- Showell as a young woman in Cape Breton
- Born: 1895 Black Country, West Midlands, England
- Died: 1978 (aged 82–83) Inverness, Nova Scotia, Canada
- Occupation: Domestic servant
- Known for: Home Child migrant
- Notable work: Inspiration for The Home Child
- Relatives: Liz Berry (great-niece)

= Eliza Showell =

English-born child migrant (1895–1978)

Eliza Showell (1895–1978) was an English-born child migrant sent to Canada in 1908 as part of the British Home Children programme. In Canada, she was placed in indentured service. Her story inspired The Home Child, a poetry collection by Liz Berry, Showell's great-niece.

== Life ==
Eliza Showell was born in 1895 in England, in the Black Country area of the West Midlands. She was orphaned by the age of 12, and became resident at the Middlemore Children's Emigration Home in Birmingham. She became separated from her brothers, who had to sign her admission papers to the home, founded by John Middlemore, a local philanthropist. The home arranged the emigration of poor children to Canada from the United Kingdom, where they were placed in work until reaching adulthood. The Middlemore Home was one of many organisations involved in a broader child migration movement known as the Home Children. About 100,000 children are estimated to have come to Canada this way between 1869 and 1948.

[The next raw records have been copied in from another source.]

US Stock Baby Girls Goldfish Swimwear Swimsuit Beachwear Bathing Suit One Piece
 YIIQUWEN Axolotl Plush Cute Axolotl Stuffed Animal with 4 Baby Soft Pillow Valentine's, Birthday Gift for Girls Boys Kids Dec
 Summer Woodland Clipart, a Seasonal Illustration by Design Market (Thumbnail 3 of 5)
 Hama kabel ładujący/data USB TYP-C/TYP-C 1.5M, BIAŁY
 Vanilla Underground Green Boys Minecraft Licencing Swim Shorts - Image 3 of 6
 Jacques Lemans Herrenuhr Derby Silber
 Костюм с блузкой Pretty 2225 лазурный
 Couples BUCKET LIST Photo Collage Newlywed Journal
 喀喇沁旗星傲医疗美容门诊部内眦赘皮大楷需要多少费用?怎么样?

In May 1908 Showell was sent to Canada, crossing the Atlantic from Liverpool aboard the ship Carthaginian, arriving in Halifax, Nova Scotia. She never returned to Britain or saw her brothers again. On arrival, Showell was placed in indentured domestic service, including on a Cape Breton farm. She spent her entire working life in domestic service roles. Showell's first name changed to Liza at some point, after which records became scarcer. After World War I, one of Showell's brothers wrote to Middlemore trying to track her down. He wrote "I have lost all trace of her".

Showell never married, and spent the final years of her life in an Inverness nursing home, Inverary Manor. A member of staff who worked at the home from 1974 recalled that Showell was non-verbal, except for the single word "candy" to ask for a sweet.

Showell died in Inverness in 1978. She was buried in Malagawatch Cemetery by Bras d'Or Lake. The burial was paid for by her employers.

Showell's story was the inspiration for a poetry collection by Liz Berry, her great-niece. The Home Child (Chatto & Windus, 2023) imagines Showell's journey by extrapolating beyond the few facts that are known about her life. It won The Writers' Prize in 2024.